Coping With Heart Failure

Living with heart failure is an ongoing undertaking, one that is as important as medical treatment. Most people who have heart failure experience chronic physical symptoms and may be limited in the kinds and amount of activity they can safely manage. This in turn can have an affect on quality of life and bring on mental and emotional health issues such as depression and anxiety. But despite the challenges, coping with heart failure requires developing lifestyle habits that are likely to improve your overall health and well-being.

How to Cope With Heart Failure

Ellen Lindner / Verywell


A key to living well with heart failure is carefully monitoring yourself for symptoms that suggest your condition may be changing or getting worse and indicate a need to get in touch with your healthcare team right away. Often all that is needed is a change in medication or some other relatively simple fix.

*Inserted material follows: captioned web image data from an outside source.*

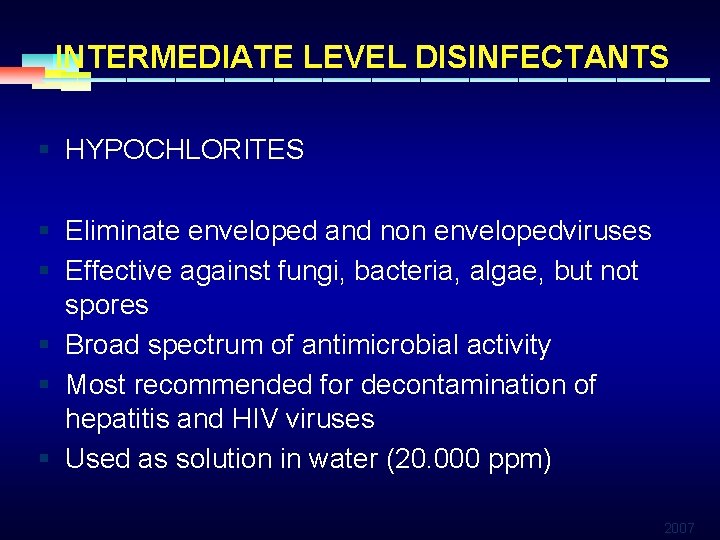 INTERMEDIATE LEVEL DISINFECTANTS § HYPOCHLORITES § Eliminate enveloped and non envelopedviruses § Effective against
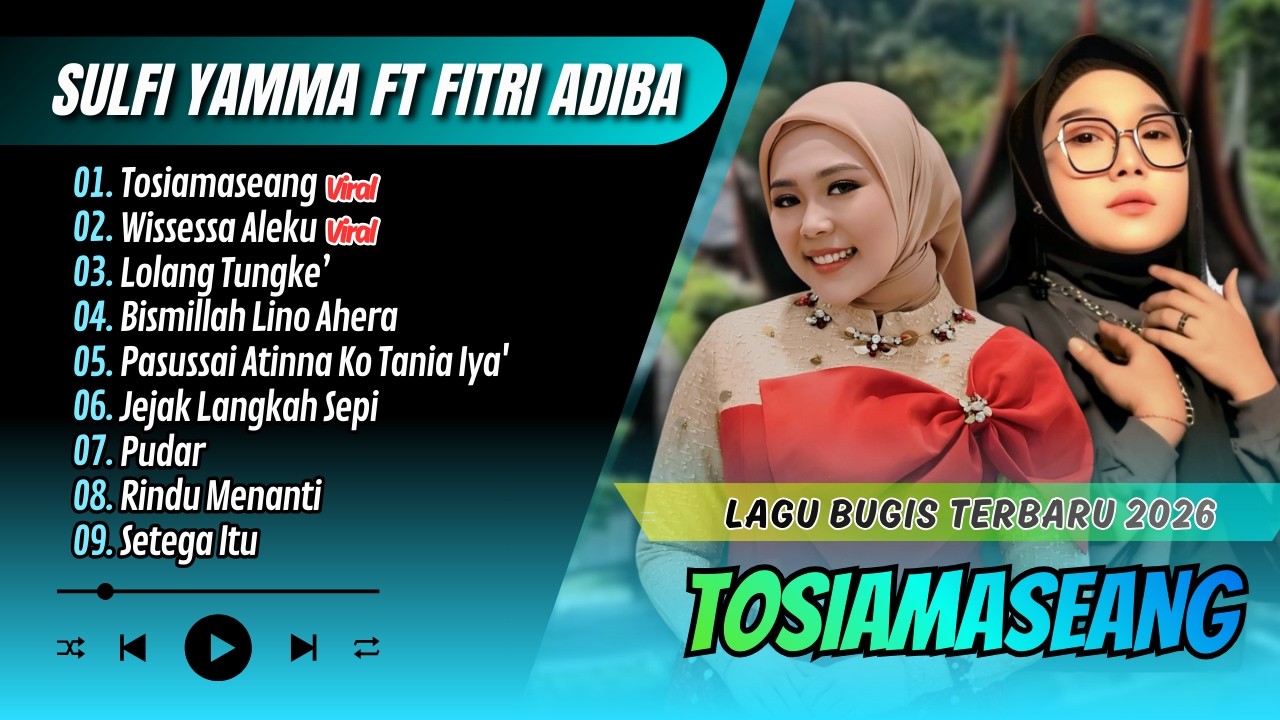 Sulfi Yamma - TOSIAMASEANG | Fitri Adiba Bilqis - WISSESSA ALEKU | LOLANG TUNGKE' | LAGU BUGIS VIRAL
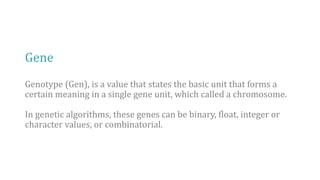 Gene
Genotype (Gen), is a value that states the basic unit that forms a
certain meaning in a single gene unit, which called a chromosome.
In genetic algorithms, these genes can be binary, float, integer or
character values, or combinatorial.
 
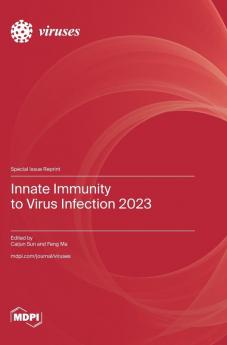 Innate Immunity to Virus Infection 2023
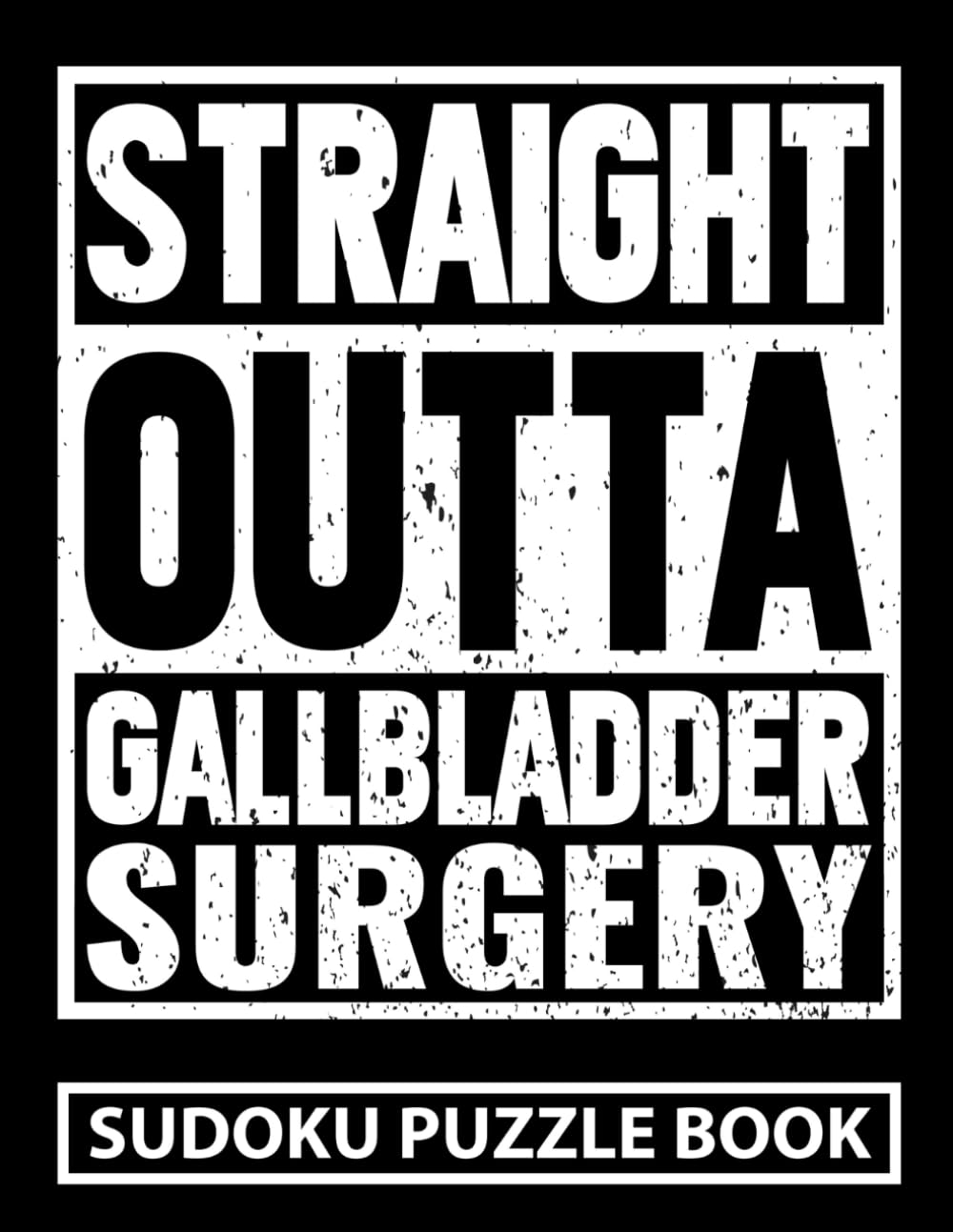 Straight Outta Gallbladder Surgery Sudoku Puzzle Book: Funny Cholecystectomy Surgery Recovery Gifts (200 Puzzles) Post Lap Chole Gag Gift for Teens ... to Hard | Get Well Soon Book for Patients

Symptoms of worsening heart failure include:

  • Swelling (edema) of feet, ankles, legs, or abdomen
  • Weight gain—often is a sign of fluid retention
  • Persistent coughing that produces white or pink blood-tinged mucus.
  • Shortness of breath during activity, at rest, or even during sleep caused by an accumulation of fluid in the lungs
  • Weakness or fatigue
  • Loss of appetite
  • Cognitive changes—confusion, memory loss, or disorientation
  • Racing heart
  • Chest pain 

Diet and Exercise

There are concrete actions you can take in your daily life to prevent your heart failure from worsening and to improve your overall health and well-being: 

  • Diet: For most people with heart failure, adopting a heart-healthy diet, such as the Mediterranean-style diet, can trim excess pounds and help keep them. This approach to eating also reduces blood vessel inflammation that often contributes to heart disease. Cutting back on salt is also key to managing cardiac problems and preventing fluid retention.
  • Weight loss: If you're overweight, losing the excess pounds will put less strain on your heart. Weigh yourself daily so extra pounds don't sneak up on you.
  • Exercise: This doesn't mean sweating for hours in a gym. Regular, moderate exercise can improve overall cardiovascular health and reduce strain on your heart and can be accomplished with walking, using an exercise bike, stretching, or lifting light weights. If you have not exercised in awhile, ask your healthcare provider about beginning with a formal cardiac rehab program. Avoid exercising in extreme heat or cold.

Other Lifestyle Changes

Certain habits can have a serious impact on heart health and would best be broken:

  • Smoking: Exposure to smoke causes damage to your blood vessels, including the coronary arteries. If you smoke, it is critical to your health that you quit.
  • Drinking alcohol: Alcohol can be toxic to the heart muscle, and in some people, cause dilated cardiomyopathy. You may not need to quit drinking altogether; talk to your healthcare provider about how much and how often you drink so they can guide you in whether you need to cut back and how.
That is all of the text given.